Review: Midnight Blue-Light Special (InCryptid #2) by Seanan McGuire


Midnight Blue-Light Special (InCryptid, #2)Midnight Blue-Light Special by Seanan McGuire
My rating: 5 of 5 stars

If this book were worse, I would be using this space to rail about how Seanan McGuire should spend her time focusing on Toby Daye's adventures so we'd have more of those. Alas, Verity's world is just as well-rounded as Toby's, her monsters and men just as interesting, her allies just as amusing. If you forced me to choose between Toby's stories and InCryptid, Toby would win just by virtue of volume. Luckily, I live in a world where both series exist to be read, and continue to come out once a year.

This is the second InCryptid book, the first being Discount Armageddon. There are currently five books sold under contract, but McGuire has said publicly she has more planned. (She did a reddit AMA the other day, and answered an awful lot of questions.)

This continues Verity Price's adventures in New York City. As her time away from home nears an end, her boyfriend tips her off that his fellow Covenant members are headed out to evaluate his work. She doesn't know if she wants to call him her boyfriend, especially considering he may betray her to the organization under which he's lived his whole life.

We get to see the reasons for Verity's paranoia, as we get a taste of just how nasty the Covenant of St. George can be. Stories about their wiping out all living dragons are one thing, but seeing their methods up close and personal really drives it home that the Price family has made a scary enemy.

Other characters get an expanded role.

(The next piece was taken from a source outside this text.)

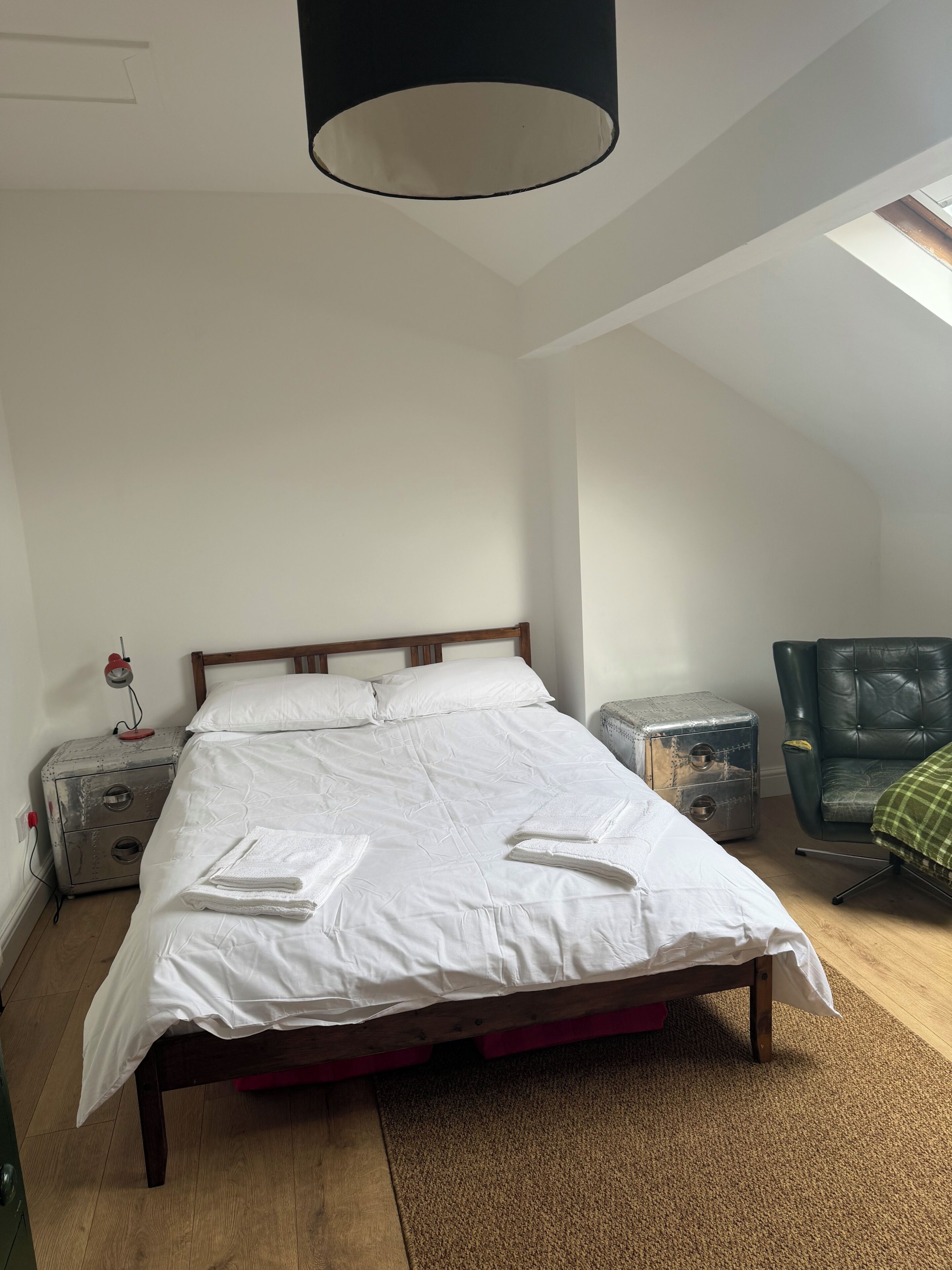 Un dormitorio con cama de madera, una mesita de noche pequeña, una silla verde y un tragaluz.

We see a lot more of Istas, the gothic-Lolita-wearing waheela with a taste for violence and very small hats. Her meeting the Aeslin mice is the most memorable scene I've read this year. The mice, themselves, get something to do besides comic relief. There are actually some very touching scenes featuring the mice, though my favorite moment is when they're trying various domains on Dominic. Verity's (and my) favorite is "the God of Absolutely Never Smiling, No, Not Ever."

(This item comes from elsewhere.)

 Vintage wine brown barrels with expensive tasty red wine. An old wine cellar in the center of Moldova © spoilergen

There's a perspective switch in this book about 2/3rds of the way through, and it pained me to have to stop reading then to go to sleep. The perspective changes to make the reader question Verity's survival, and that question isn't answered satisfyingly until the very last chapter. Meanwhile, Verity's adopted Johrlac cousin, Sarah Zellaby, takes over the story. Her voice is so different from Verity's that it's clear there's something very wrong about the way she's put together, even without all of Verity's information from this book and the last. The terms in which she processes information, her bases for comparison, her priorities, all of it backs up everything Verity has told the reader about Sarah's (and her species') alien nature.

Overall, this book wraps up quickly, though not without a very real sense that someone might not make it to the end. It's neater than I'm accustomed to in the middle of a series, though there's still plenty of room left for more trouble when it's done. It felt like the season one finale of a show that's singlehandedly made me impatient for next fall.